Nella sua bella casa milanese di piazza Belgioioso, Gardini morì. Le indagini successive stabilirono che si era trattato di suicidio. Fu uno dei momenti più drammatici degli anni di Mani pulite: quella stessa mattina, nella chiesa di San Babila, non troppo distante da palazzo Belgioioso, si celebravano i funerali di Gabriele Cagliari, manager socialista che si era ucciso in carcere.
Gardini era molto noto in Italia e all’estero. Era stato a capo del secondo gruppo privato italiano, la Ferruzzi. Era l’uomo che con il Moro di Venezia aveva sfidato le barche più veloci e i velisti più bravi del mondo. Era stato soprannominato il Contadino, il Pirata. Aveva dichiarato «la chimica sono io», quando aveva cercato di impadronirsi di tutta l’Enimont, la grande joint venture che avrebbe dovuto unire le aziende chimiche pubbliche dell’ENI e quelle private di Montedison-Ferruzzi.

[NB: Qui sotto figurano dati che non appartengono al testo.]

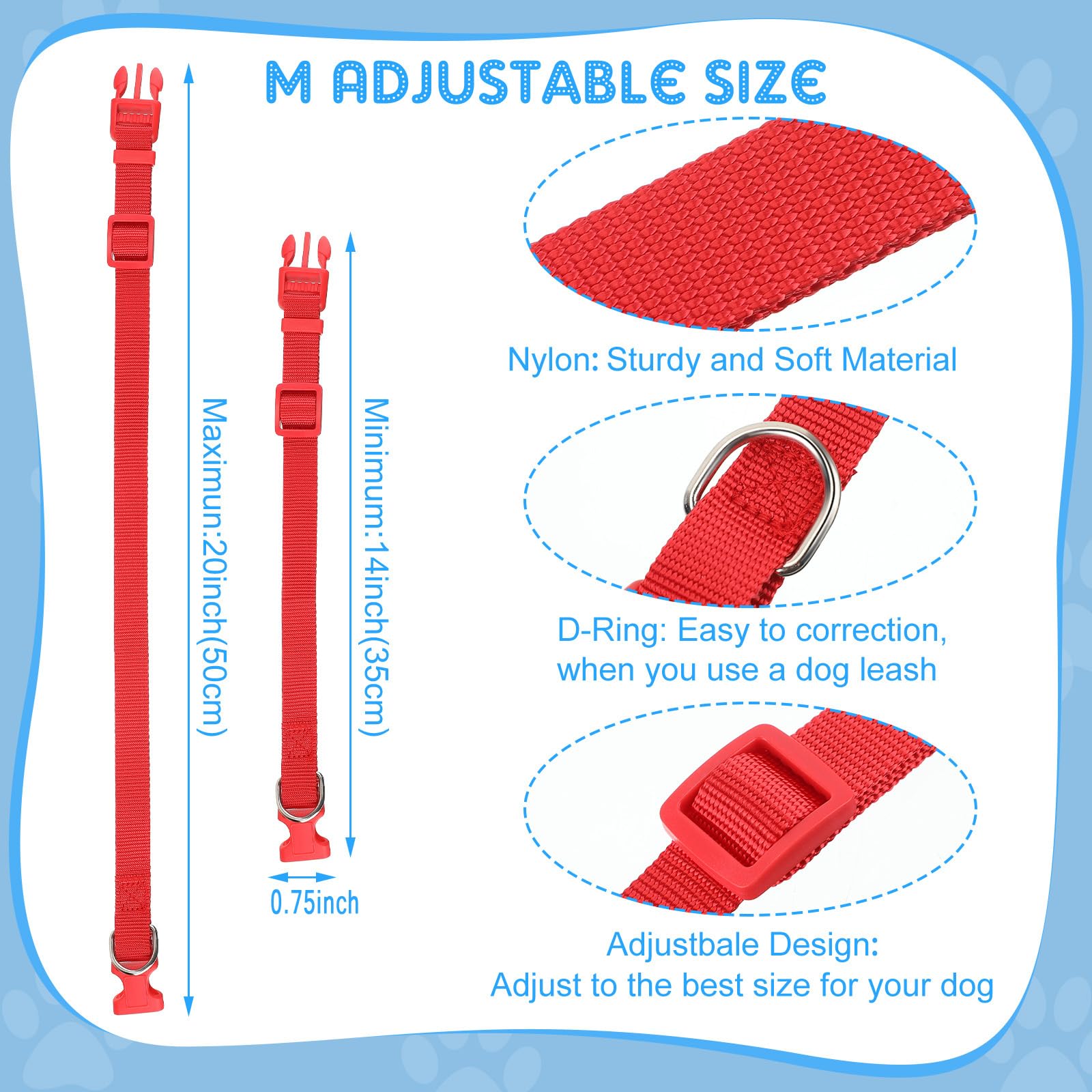 Sanwuta adjustable length options ensure a secure, comfortable fit as dogs grow.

Gardini, uomo non abituato a perdere, nell’estate 1993 era uno sconfitto. Prima aveva visto naufragare l’appena celebrato matrimonio Enimont. Poi aveva fallito il tentativo di impadronirsi della chimica italiana. Infine la famiglia Ferruzzi lo aveva estromesso dal gruppo. Anche il Moro di Venezia aveva perso la sua sfida con America Cube. Chi avrebbe mai pensato che Gardini – l’uomo che aveva avuto le copertine dei grandi giornali d’Italia e del mondo – potesse essere un socio di Cosa Nostra? Indicibile, impensabile.
Il romagnolo Raul, a Milano, a dispetto del bel palazzo in piazza Belgioioso, era sempre stato considerato un outsider (come il siciliano Salvatore Ligresti, come il pur lombardo Silvio Berlusconi): diverso dagli uomini con le radici saldamente piantate nel potere dell’industria e della finanza del Nord. Ma i soldi e il potere avevano vinto in fretta ogni resistenza: e gli outsider avevano conquistato Milano, sempre pronta a dimenticare, in nome del potere e dei danee, non solo lo stile, ma anche la decenza.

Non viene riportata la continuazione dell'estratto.